THERE is one thing that Tony Abbott is not short of right now. Namely, advice. This is invariably accompanied by a six or four-­letter word — “should” or “must”.

On Lateline last Wednesday, Jeff Kennett went for the six-­letter option. The former Victorian Liberal Party premier told the Prime Minister that immediately after the September 2013 election, he should have increased the rate and widened the base of the GST.

The only problem with Kennett’s advice is that he forgot about another six-letter word. That is, the Senate. To change the GST at any time in the past seven months, the Abbott government would have had to obtain the support of all the premiers and/or got legislation passed in the Senate.

In the lead-up to the elections in South Australia, Tasmania and Victoria in 2013, this would have been impossible. Moreover, any proposed change to the GST would have been defeated in the current Senate by the combined opposition of Labor and the Greens. In other words, Kennett’s advice, enthusiastically delivered and well intentioned, was worthless. And right now, the Prime Minister and his senior cabinet colleagues in the economic portfolios — Joe Hockey and Finance Minister Mathias Cormann — face a difficult task of repairing the budget.

This is not a universal view. On the ABC AM program on Wednesday, Raja Junankar, of the Australian Business School at the University of NSW, provided a rationale for the do-nothing ­option with respect to both the deficit and the debt.

According to Junankar: “If we compare ourselves to the OECD countries, we are doing fantastically well in all sorts of ways.” The problem is that this is not a universally held view.

In its February country report on Australia, the Inter­national Monetary Fund warned that Australia’s good performance relative to many other advanced economies since the global financial crisis has now reached a transition phase. Also, according to the IMF, Australia’s projected increase in expenditure will exceed that of 16 other OECD economies with which the comparison is made.

As a small economy, which trades significantly on world markets, Australia is vulnerable to economic shocks. A sudden slowdown in China would result in a significant external shock.

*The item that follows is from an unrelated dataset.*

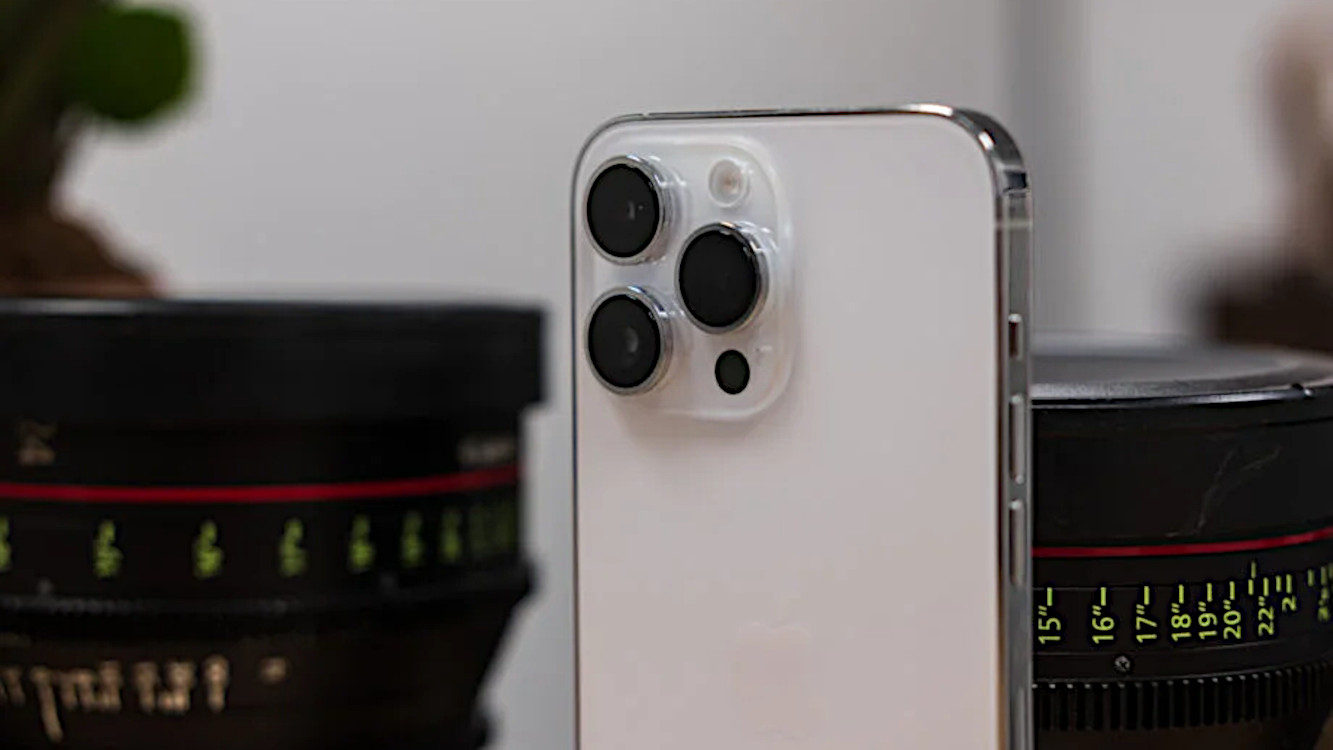 Érkezik az iPhone 15: várhatóan ezek lesznek a legnagyobb változások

As would another round of financial market volatility among the North Atlantic countries.

Kevin Rudd and his then deputy Julia Gillard were able to respond to the GFC in late 2008 and early 2009 because Labor inherited a budget surplus and no net government debt from the Coalition government led by John Howard and his treasurer Peter Costello.

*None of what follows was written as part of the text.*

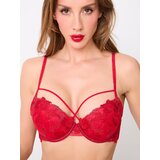 Sinsay push-up grudnjak 608CE-33X | shoptok.hr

No such surplus will be available if there is an international crisis in the immediate future.

Australia’s economic predicament was documented by Martin Parkinson, the secretary to the Treasury, in his address to The Sydney Institute on April 2. Parkinson is a glass half-full (not half-empty) kind of guy. Even so, his message on productivity, terms of trade, the ageing of the population and the fiscal position was sobering.

These are the facts.

Labor, with the support of the Greens, was in office for six years and produced six substantial deficits. Labor went to the 2013 election with big-spending policies on the national disability scheme and the Gonski education reforms.

Both were unfunded in the fifth and sixth years of implementation, when most of the expenditure is to fall due.

As Parkinson documented, the 2013-2014 mid-year economic and fiscal outlook forecast a further “underlying cash deficit for the next 10 years” without policy change. That is, the Rudd-Gillard-Rudd governments left a legacy of 16 successive budget deficits. To academics like Junankar, this might be a fantastic outcome, but politicians are elected to address and resolve problems.

It is true that Abbott in opposition went along with too many of Labor’s promises. But the Prime Minister, Treasurer and Cormann now seem intent on ­addressing their unpalatable economic inheritance. Here they deserve support, especially from the business community.

Despite the predictions, it is unlikely the budget, to be delivered on May 13, has been finalised. It is unlikely that the Coalition will accept all or even most of the National Commission of Audit report that was released on Thursday. However, it seems certain that there will be some reforms to scale back on what Hockey has termed the “age of entitlement”.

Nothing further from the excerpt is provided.